Untangles the broad cultural effects of biotechnologies


Biotechnology and Culture
Bodies, Anxieties, Ethics
Edited by Paul Brodwin

Untangles the broad cultural effects of biotechnologies

"A timely and perceptive look from many acute angles, at some of the most anxiety producing issues of the day." —Paul Rabinow, University of California, Berkeley

"This impressive collection offers a number of rich examples of why the development of anthropological studies of science, technology, and their disruptive social effects is a leading edge of critical enquiry." —Arthur Kleinman, Harvard University

As birth, illness, and death increasingly come under technological control, struggles arise over who should control the body and define its limits and capacities. Biotechnologies turn the traditional "facts of life" into matters of expert judgment and partisan debate. They blur the boundary separating people from machines, male from female, and nature from culture. In these diverse ways, they destroy the "gold standard" of the body, formerly taken for granted. Biotechnologies become a convenient, tangible focus for political contests over the nuclear family, legal and professional authority, and relations between the sexes. Medical interventions also transform intimate personal experience: giving birth, building new families, and surviving serious illness now immerse us in a web of machines, expert authority, and electronic images. We use and imagine the body in radically different ways, and from these emerge new collective discourses of morality and personal identity.

Biotechnology and Culture: Bodies, Anxieties, Ethics brings together historians, anthropologists, cultural critics, and feminists to examine the broad cultural effects of technologies such as surrogacy, tissue-culture research, and medical imaging. The moral anxieties raised by biotechnologies and their circulation across class and national boundaries provide other interdisciplinary themes for discourse in these essays. The authors favor complex social dramas of the refusal, celebration, or ambivalent acceptance of new medical procedures.
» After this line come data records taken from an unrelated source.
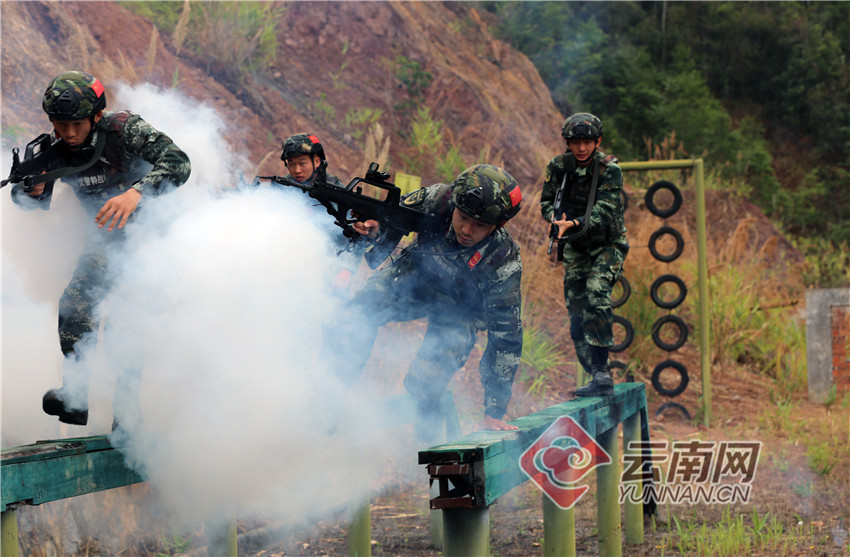 【高清组图】云南武警:特战队员热带丛林反恐演练 锻造反恐"尖刀"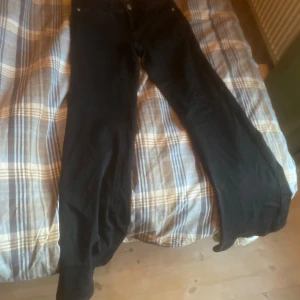 Svarta lågmidjade jeans bootcut - Säljer ett par svarta lågmidjade jeans med bootcut. Sitter superfint och är i mycket fint skick, de är normala i storleken och är i storlek s med längden 30 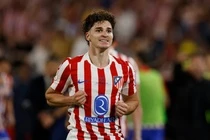 Arsenal phai chon Alvarez thay vi tiec tien hinh anh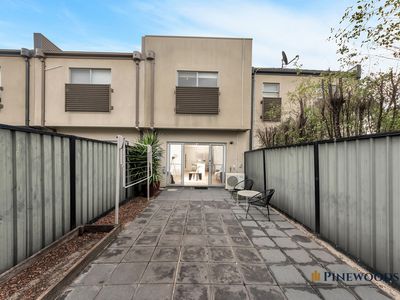 2/60 Cradle mountain drive, Craigieburn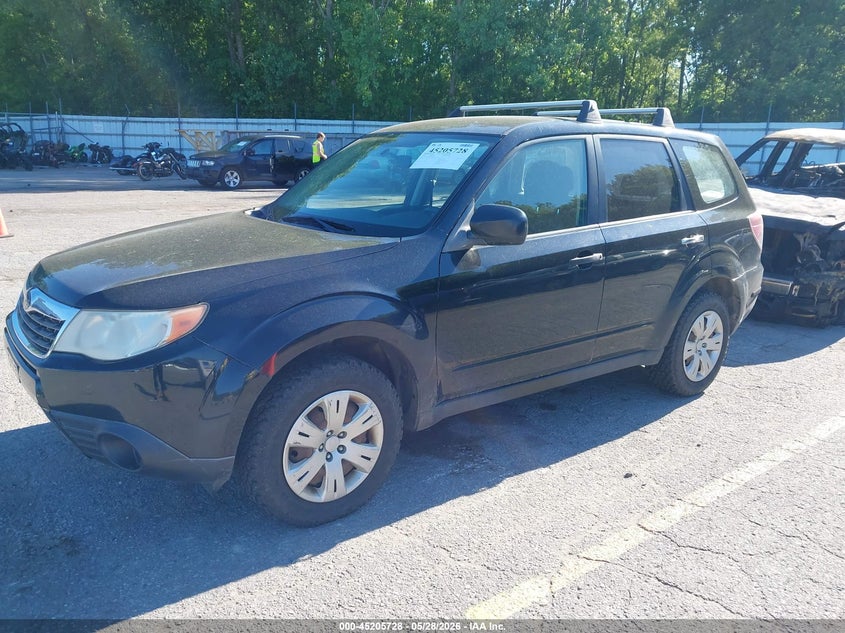 2010 Subaru Forester 2.5x JF2SH6AC7AH732661 photo 1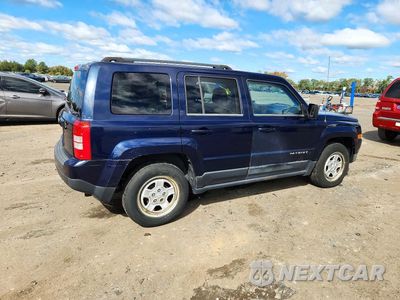 Trzecie zdjęcie samochodu z tyłu: 2013 JEEP PATRIOT SPORT VIN:1C4NJPBA9DD245833 - miniatura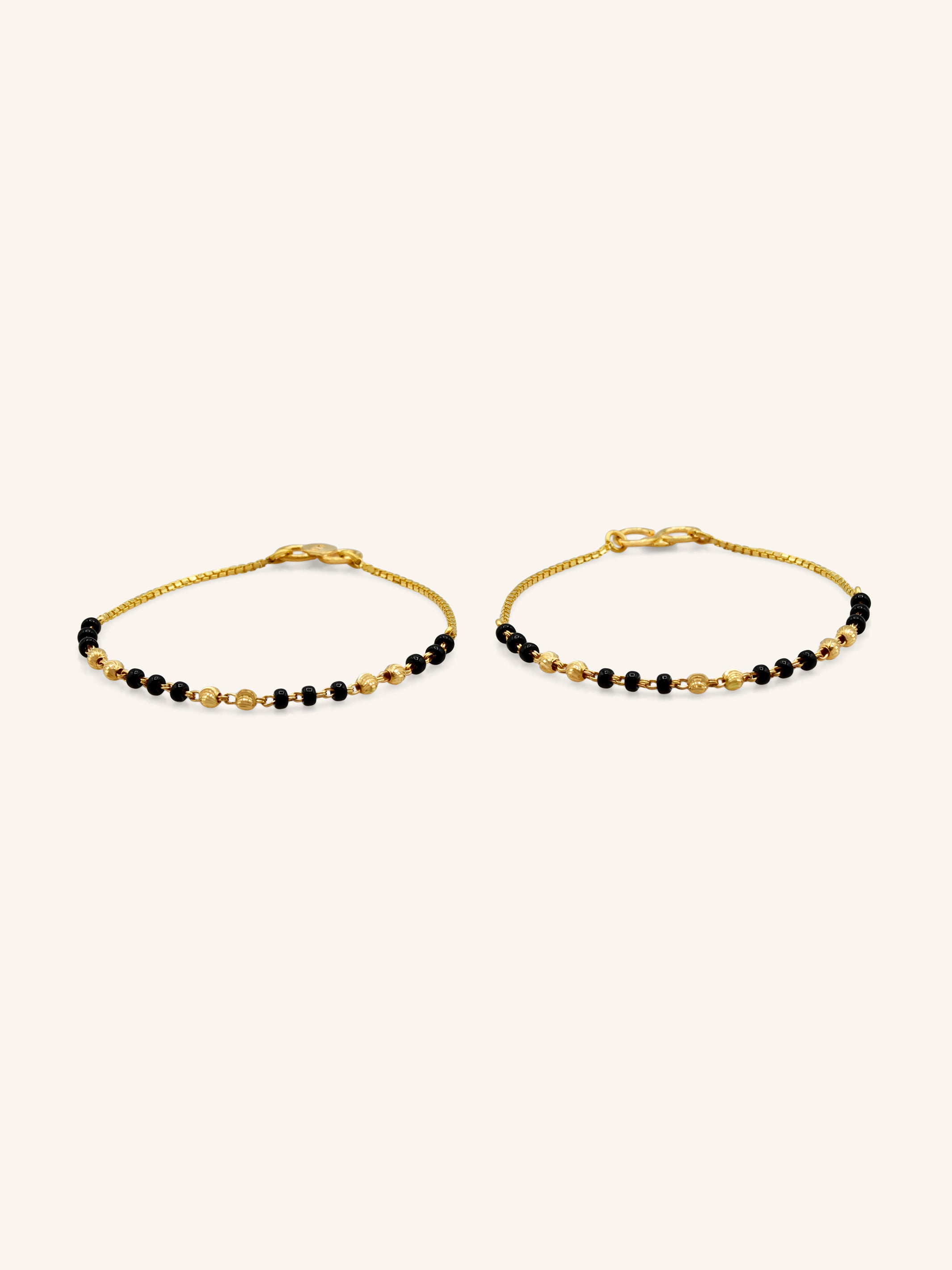 22ct Gold Black Bead Bracelet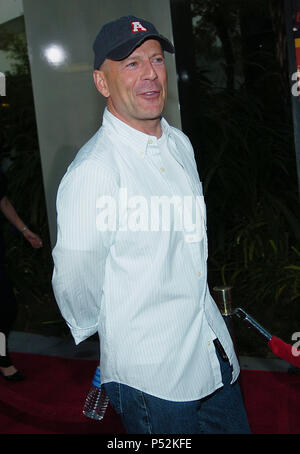 Bruce Willis Ankunft in The Bourne Supremacy Premiere im Cinerama Dome und Arclight Theater in Los Angeles. 15. Juli 2004. WillisBruce083 Red Carpet Event, Vertikal, USA, Filmindustrie, Prominente, Fotografie, Bestof, Kunst, Kultur und Unterhaltung, Topix Prominente Fashion/Vertikal, Besten, Event in Hollywood Leben - Kalifornien, Roter Teppich und backstage, USA, Film, Stars, Film Stars, TV Stars, Musik, Promis, Fotografie, Bestof, Kunst, Kultur und Unterhaltung, Topix, vertikal, eine Person, die aus den Jahren 2003 bis 2005, Anfrage tsuni@Gamma-USA.com Stockfoto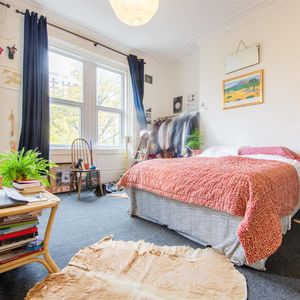 Heaton Grove, Heaton - Photo 2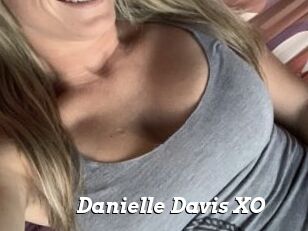 Danielle_Davis_XO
Eschewing polemics or pure theory, contributors show how biotechnology collides with everyday life and reshapes the political and personal meanings of the body.

Contributors include Paul Brodwin, Lisa Cartwright, Thomas Csordas, Gillian Goslinga-Roy, Deborah Grayson, Donald Joralemon, Hannah Landecker, Thomas Laqueur, Robert Nelson, Susan Squier, Janelle Taylor, and Alice Wexler.


Paul Brodwin, Associate Professor of Anthropology at the University of Wisconsin-Milwaukee and Adjunct Professor of Bioethics at the Medical College of Wisconsin, is the author of Medicine and Morality in Haiti: The Contest for Healing Power and a coeditor of Pain as Human Experience: Anthropological Perspectives.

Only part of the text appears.